Laura kissed the dark head still buried in her shoulder. "Maybe don't read such depressing literature when I'm gone," she suggested, gently teasing. She'd caught sight of Carmilla's reading material where it lay discarded on the seat behind her.

Carmilla's small, rueful laugh hummed through Laura's chest, making her smile. When Carmilla emerged from Laura's shoulder, she was smiling, too, in a self-conscious sort of way. If she was being honest, she probably deserved Laura's ribbing. At least a little.

"I have a healthy appreciation for the classics," she said defensively. "I think Plath counts."

"'Healthy' isn't the first word I would use to describe that novel."

"I like it." Carmilla insisted. "It's -- honest. It cuts in all the right places."

Laura raised an eyebrow at this.

Carmilla paused, thoughtful, then quoted, "'I dreamed that you bewitched me into bed/ And sung me moon-struck, kissed me quite insane.'" Her smile became a little predatory at the corners. "Not from the novel. But you can see the appeal."

"I can," Laura pressed her lips together in mock solemnity, but her eyes crinkled at the corners -- almost as good as a laugh.

"Maybe a demonstration ..." Carmilla trailed off, nuzzling Laura gently. Laura lifted her head, searching for the kiss, but Carmilla drew off a fraction, just out of reach. She studied Laura for the space of a breath, then languidly dipped her head and caught Laura in a hard kiss, full and lingering. When she finally pulled away, they were both a little breathless.

"Whoa, okay -- " Laura's face was beet red, and she pressed the back of her hand to one hot cheek. "No -- I mean, _yes_. Wow. _Carm_." She cleared her throat. "Maaaybe not here? We kind of have an audience."

Carmilla looked up. Laura was right: disembarking passengers streamed around them, never stopping but certainly glancing at them and then looking away with small, indulgent smiles.
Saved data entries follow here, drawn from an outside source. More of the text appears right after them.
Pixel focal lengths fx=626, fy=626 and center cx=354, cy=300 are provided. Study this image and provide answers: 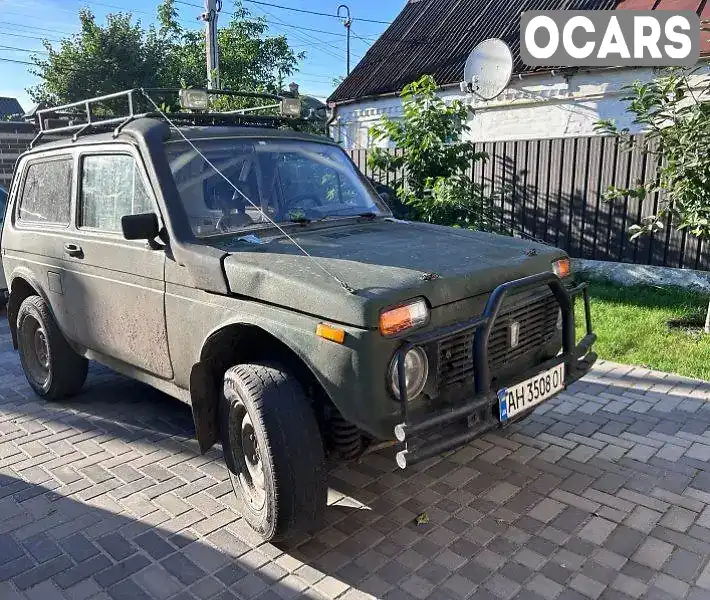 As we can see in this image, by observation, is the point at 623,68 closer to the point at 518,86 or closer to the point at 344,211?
the point at 518,86

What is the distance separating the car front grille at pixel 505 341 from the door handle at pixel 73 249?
2754 millimetres

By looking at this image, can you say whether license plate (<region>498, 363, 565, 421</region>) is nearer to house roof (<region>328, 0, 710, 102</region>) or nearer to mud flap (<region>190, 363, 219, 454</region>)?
mud flap (<region>190, 363, 219, 454</region>)

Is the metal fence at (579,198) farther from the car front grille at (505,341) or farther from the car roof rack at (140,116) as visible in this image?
the car front grille at (505,341)

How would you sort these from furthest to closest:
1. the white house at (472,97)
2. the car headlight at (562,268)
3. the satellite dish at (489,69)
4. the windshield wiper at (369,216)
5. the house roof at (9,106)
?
the house roof at (9,106), the satellite dish at (489,69), the white house at (472,97), the windshield wiper at (369,216), the car headlight at (562,268)

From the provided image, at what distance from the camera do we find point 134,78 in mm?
28266

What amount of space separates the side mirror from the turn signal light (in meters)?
1.28

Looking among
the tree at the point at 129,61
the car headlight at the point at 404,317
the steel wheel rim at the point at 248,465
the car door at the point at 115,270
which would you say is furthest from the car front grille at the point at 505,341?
the tree at the point at 129,61

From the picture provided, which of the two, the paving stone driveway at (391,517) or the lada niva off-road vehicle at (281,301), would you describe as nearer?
the lada niva off-road vehicle at (281,301)

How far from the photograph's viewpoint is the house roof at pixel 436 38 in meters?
13.1

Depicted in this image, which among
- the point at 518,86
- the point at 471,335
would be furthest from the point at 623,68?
the point at 471,335

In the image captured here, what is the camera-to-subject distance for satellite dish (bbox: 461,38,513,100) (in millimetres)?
10547

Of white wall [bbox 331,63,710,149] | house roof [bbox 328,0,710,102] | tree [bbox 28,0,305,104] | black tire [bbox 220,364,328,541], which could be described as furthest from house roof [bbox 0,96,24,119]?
black tire [bbox 220,364,328,541]

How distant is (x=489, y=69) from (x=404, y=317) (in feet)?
30.4

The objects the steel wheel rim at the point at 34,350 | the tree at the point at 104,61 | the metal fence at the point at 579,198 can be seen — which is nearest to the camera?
the steel wheel rim at the point at 34,350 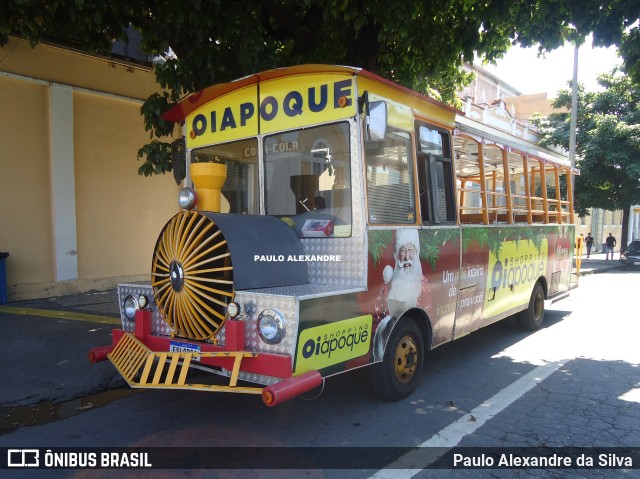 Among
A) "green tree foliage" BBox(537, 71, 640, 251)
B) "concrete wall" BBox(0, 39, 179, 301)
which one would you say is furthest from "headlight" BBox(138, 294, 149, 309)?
"green tree foliage" BBox(537, 71, 640, 251)

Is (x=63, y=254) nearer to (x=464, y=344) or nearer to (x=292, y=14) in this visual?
(x=292, y=14)

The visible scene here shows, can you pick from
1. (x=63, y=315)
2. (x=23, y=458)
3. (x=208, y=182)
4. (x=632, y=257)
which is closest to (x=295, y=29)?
(x=208, y=182)

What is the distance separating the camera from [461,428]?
160 inches

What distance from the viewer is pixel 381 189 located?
4.23 m

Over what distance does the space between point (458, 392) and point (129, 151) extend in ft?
28.8

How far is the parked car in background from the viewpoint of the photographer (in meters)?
21.8

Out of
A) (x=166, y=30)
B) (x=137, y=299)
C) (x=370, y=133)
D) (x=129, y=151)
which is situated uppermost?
(x=166, y=30)

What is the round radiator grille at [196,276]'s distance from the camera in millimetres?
3727

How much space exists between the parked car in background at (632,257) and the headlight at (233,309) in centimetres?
2322

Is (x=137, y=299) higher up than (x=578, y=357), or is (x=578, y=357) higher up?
(x=137, y=299)

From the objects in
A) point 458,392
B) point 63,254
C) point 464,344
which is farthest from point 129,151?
point 458,392

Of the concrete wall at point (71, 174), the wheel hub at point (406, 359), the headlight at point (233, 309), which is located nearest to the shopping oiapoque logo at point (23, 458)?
the headlight at point (233, 309)

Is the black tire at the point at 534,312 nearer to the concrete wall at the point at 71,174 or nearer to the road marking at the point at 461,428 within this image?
the road marking at the point at 461,428

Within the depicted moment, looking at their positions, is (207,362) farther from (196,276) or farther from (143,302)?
(143,302) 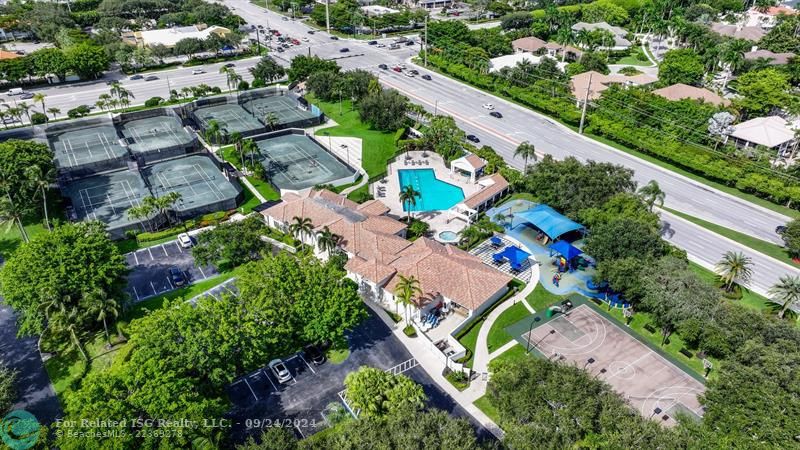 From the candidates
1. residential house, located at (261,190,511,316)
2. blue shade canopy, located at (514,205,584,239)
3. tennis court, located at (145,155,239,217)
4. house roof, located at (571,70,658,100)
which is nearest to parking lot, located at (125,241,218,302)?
tennis court, located at (145,155,239,217)

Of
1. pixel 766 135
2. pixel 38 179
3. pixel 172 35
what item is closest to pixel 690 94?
pixel 766 135

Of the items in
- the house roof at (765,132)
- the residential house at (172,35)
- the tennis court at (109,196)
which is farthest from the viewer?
the residential house at (172,35)

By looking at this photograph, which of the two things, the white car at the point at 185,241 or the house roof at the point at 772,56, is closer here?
the white car at the point at 185,241

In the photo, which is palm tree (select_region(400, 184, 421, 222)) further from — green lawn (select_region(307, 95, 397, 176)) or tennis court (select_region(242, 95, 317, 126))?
tennis court (select_region(242, 95, 317, 126))

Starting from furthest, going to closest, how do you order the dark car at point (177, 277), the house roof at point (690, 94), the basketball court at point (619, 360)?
the house roof at point (690, 94) < the dark car at point (177, 277) < the basketball court at point (619, 360)

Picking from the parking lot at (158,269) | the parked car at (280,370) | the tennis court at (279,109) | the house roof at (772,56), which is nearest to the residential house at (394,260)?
the parking lot at (158,269)

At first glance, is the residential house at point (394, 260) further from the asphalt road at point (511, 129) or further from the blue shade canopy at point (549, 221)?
the asphalt road at point (511, 129)

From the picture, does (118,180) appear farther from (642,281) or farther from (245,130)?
(642,281)

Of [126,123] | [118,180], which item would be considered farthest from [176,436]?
[126,123] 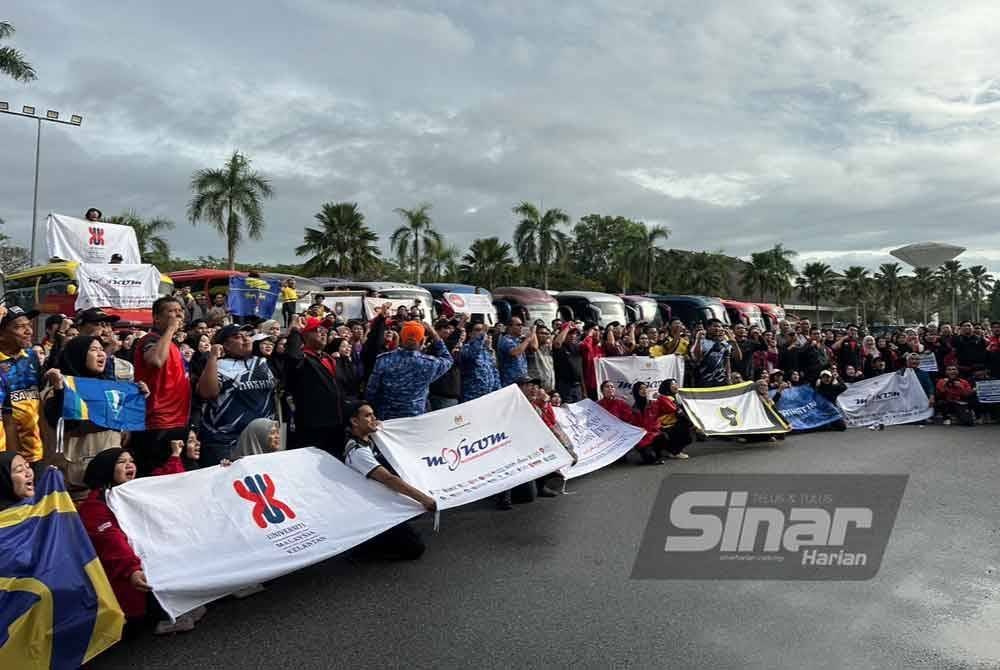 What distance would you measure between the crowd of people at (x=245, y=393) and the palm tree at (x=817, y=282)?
7269 cm

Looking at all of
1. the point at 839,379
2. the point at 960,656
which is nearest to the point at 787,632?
Answer: the point at 960,656

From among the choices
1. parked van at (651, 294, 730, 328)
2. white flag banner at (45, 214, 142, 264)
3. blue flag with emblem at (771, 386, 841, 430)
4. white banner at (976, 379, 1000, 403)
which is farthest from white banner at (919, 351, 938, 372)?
white flag banner at (45, 214, 142, 264)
Smiles that said, _ah young love_ , and then grew a little wistful, perhaps remembering family and friends left behind. Perhaps at home. Perhaps much farther out of reach. Maybe it was Carmilla's imagination, but they seemed to quicken their pace, eager for a homecoming of their own.

She looked back to Laura, who was still peering up at her in a vaguely accusatory way. For Laura's sake, she tried to maintain a look of contrition, but her mouth twitched. It was hard to keep up the melancholy, centuries-old vampire bit when Laura was here in her arms.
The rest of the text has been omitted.